Кизела не выносила Кати и охотно прохаживалась на ее счет при всяком случае — не только сейчас, ради того, чтобы доказать дружбу к Жофи. Пордан с виду не обиделась. Она и сама честила свою дочь почем зря, однако другим этого не прощала.
— Вот это верно, — захохотала она. — Да из-за тебя сейчас мужчины еще больше с ума сходят, чем когда в девушках была. — И она с веселой злостью засмеялась Жофи в лицо.
— Из-за меня?
— У Панни всегда какая-нибудь дурь на уме, — пробормотала Кизела, злясь, что сестра за одну минуту разрушила здание, стоившее ей целого дня угодничества.
— Не рассказывать? Чтобы мне потом глаза кололи, будто я из зависти ничего тебе не говорила? Но что же мне делать-то, ежели он как репей пристал! Чуть я за порог, а он уж кричит через забор: «Эх, тетя Пордан, коровка у вас больно хороша, сколько ж она молока дает?..» А кончается все на Жофи Куратор.
— Как же, именно за него и пойдет Жофи, за этого сынка батрацкого, без головы она совсем! — вышла из себя Кизела. — Ты бы лучше о том позаботилась, чтобы зять твой дом не пропил, дочку твою без крова не оставил! Опять он задолжал в корчме всем и каждому.
— Свой дом пропивает, не твой, — огрызнулась Пордан, но все-таки притихла и, пока Кизела рассказывала подробнее свою новость, начисто позабыла о том воздыхателе, который сперва расхваливает ее коров, а кончает расспросами о Жофи.
— Вот и к Пордан я в другой раз не зайду, — проговорила Жофи, когда они вышли на улицу. — Да как же она обо мне думает, что всякий раз про эти глупости речь заводит?

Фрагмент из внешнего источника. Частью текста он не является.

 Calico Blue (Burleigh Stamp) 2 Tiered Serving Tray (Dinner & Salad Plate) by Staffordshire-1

— Она всегда такой была, деточка. Рано еще об этом говорить. Да и о ком! Она ведь и ко мне прибегала, слушай, говорит, сержанту этому очень Жофи приглянулась, хорошо бы ее уговорить. Ну нет, отвечаю, и не подумаю! Да она мне глаза выцарапает, если я заикнусь о нем. Не по себе он дерево рубит! И видите, даже не сказала вам, я-то ваш вкус знаю. Да и ту историю с Мари знаю. Уж если на то пошло, так я бы могла назвать и получше, а уж он как радовался бы! Ну, да пока ведь не время, — добавила Кизела, даже головы не повернув к Жофи, но вся напряглась, прислушиваясь к движениям Жофи, к шелесту ее платья и стараясь по этому угадать ее мысли.
— Так-то и лучше. Знать не хочу ни о ком! — воскликнула Жофи.

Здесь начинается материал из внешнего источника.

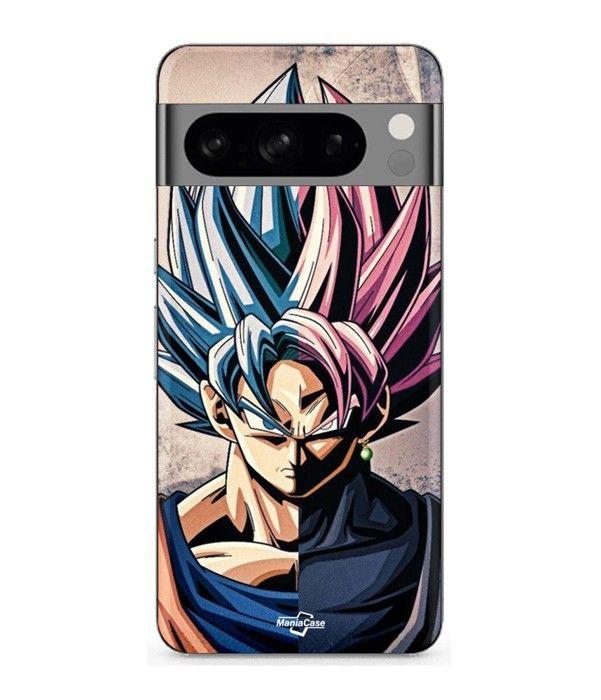 Coque - MANIACASE - Google Pixel 8a Pro - Silicone - Noir - Dragon Ball Z Goku SSJ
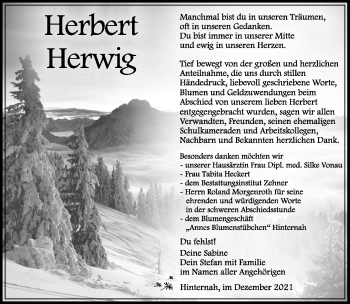 Traueranzeige von Herbert Herwig von Südthüringer Presse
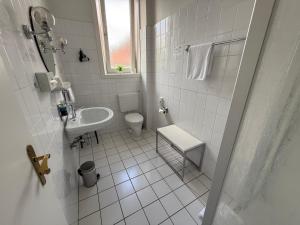 a white bathroom with a toilet and a sink at Hotel Carolinenhof in Bad Pyrmont +15 photos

— Ну конечно, я понимаю вас, — согласилась Кизела; но что-то она, должно быть, приметила в Жофи — то ли голос прозвучал тише, то ли замедлился шаг, задержалось дыхание, — только сейчас дело Илушкиного трактирщика не казалось ей совсем безнадежным.

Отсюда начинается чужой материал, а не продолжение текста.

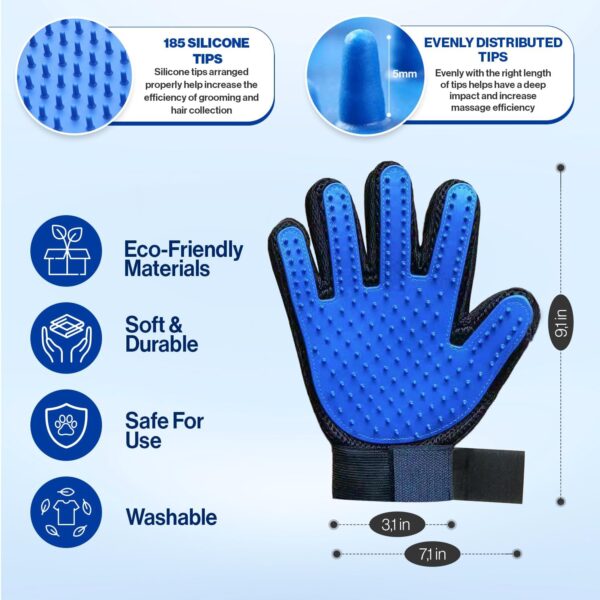 1TO3GO Pet 180 Silicon Tips Grooming Gloves, Dog Bathing Glove (1 Pair - Blue) - Image 2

На следующей неделе Кизела еще несколько раз ходила с Жофи на кладбище. Поначалу нужно было выискивать предлог для такого похода, но, когда несколько дней спустя она осталась дома, Жофи уже сама спросила: «А вы, сударыня, не пойдете сегодня?» Кизела находила теперь, что Жофи, хотя и не показывает виду, предпочитает ее своим домашним. Не так вскипает по пустякам. Правда, спрашивает только о самых обыденных вещах — где ключ, например, или: «Сварила ли сударыня себе кофе?» — но в голосе ее слышалась теперь какая-то неловкая уважительность, чего раньше Кизела не замечала. Действительно, Жофи стала обращаться с ней так, как и положено обращаться со старой женщиной. Подольститься, правда, не старалась, но по крайней мере не бросала ненавидящих взглядов, как прежде; напротив, в глазах ее пряталась девичья робость, а за молчаливостью угадывалось желание завести беседу. Какой-нибудь поверхностный наблюдатель сказал бы, что Жофи осталась по-прежнему мрачной и неприступной, но у Кизелы был нюх на эти вещи, и она видела: в той мере, в какой можно было смягчить каменное сердце Жофи, ей это удалось. Еще немного терпения, и горячий нрав Жофи будет направлен на устрашение семейства Кураторов в интересах ее Имре. У Жофи всегда была склонность потворствовать тому, от чего у Кураторов спины зудят. Чем иным объяснить поддержку Мари в истории с сержантом? Имре, судя по всему, ей не нравится: как только заходит о нем речь, тотчас нахмурится и замолчит. Но почему? Не хочет счастья Мари, коль уж самой счастье не задалось? Это самое естественное объяснение. Она и сестру Илуш возненавидела за то, что та — жена нотариуса. Ну, хорошо, значит, ее самое надо замуж выдать. И хотя Кизела не верила, что Жофи так уж быстро согласится на трактирщика, она все-таки постоянно кружилась вокруг этой темы: может, охотнее будет поддерживать других, зная, что и для нее кое-кто сыщется, стоит руку протянуть.